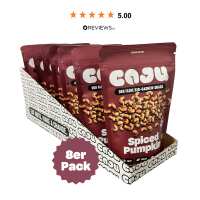 Lesen caju - Der faire Cashew Snack Bewertungen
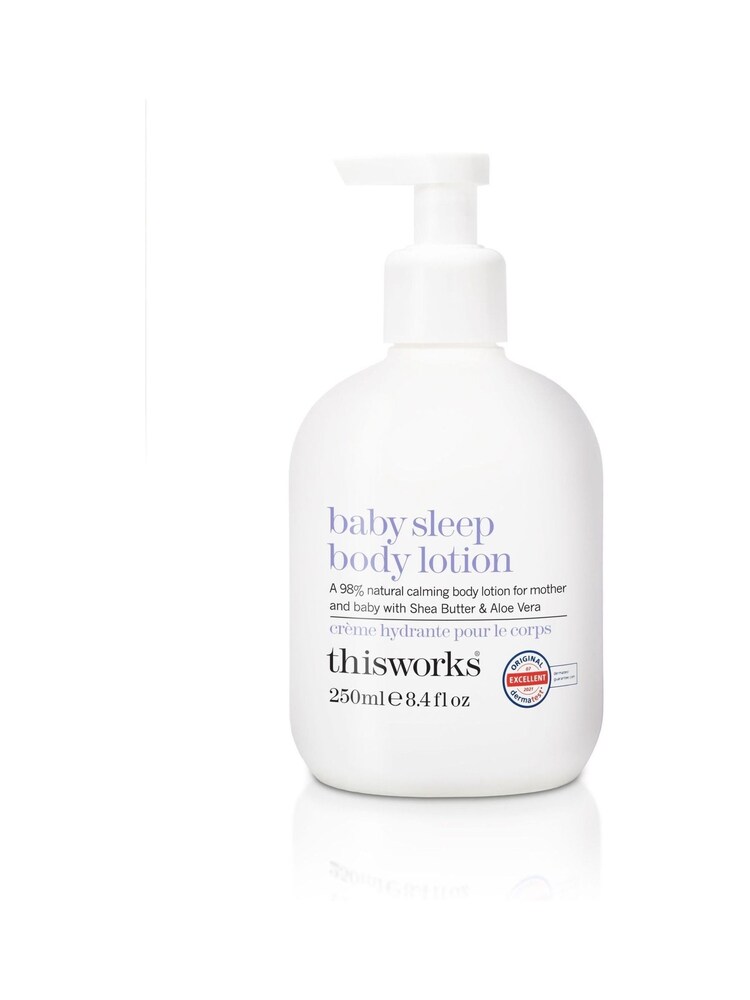 This Works Baby Sleep Body Lotion 250ml - Image 1 of 5
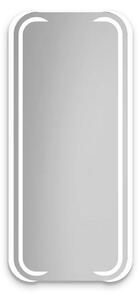 Gaudia Zrcadlo Mezos White LED Rozměr: 50 x 80 cm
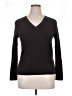 Tommy Hilfiger 100% Cotton Black Pullover Sweater Size XL - photo 1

§ **TASK TO COMPLETE**: When you find the line that contains "Gaudia Zrcadlo Mezos", retype it and every line after it through the end of the data above, exactly, with no pictures.

§ **EXERCISE ANSWER**:
 Gaudia Zrcadlo Mezos White LED Rozměr: 50 x 80 cm
 Tommy Hilfiger 100% Cotton Black Pullover Sweater Size XL - photo 1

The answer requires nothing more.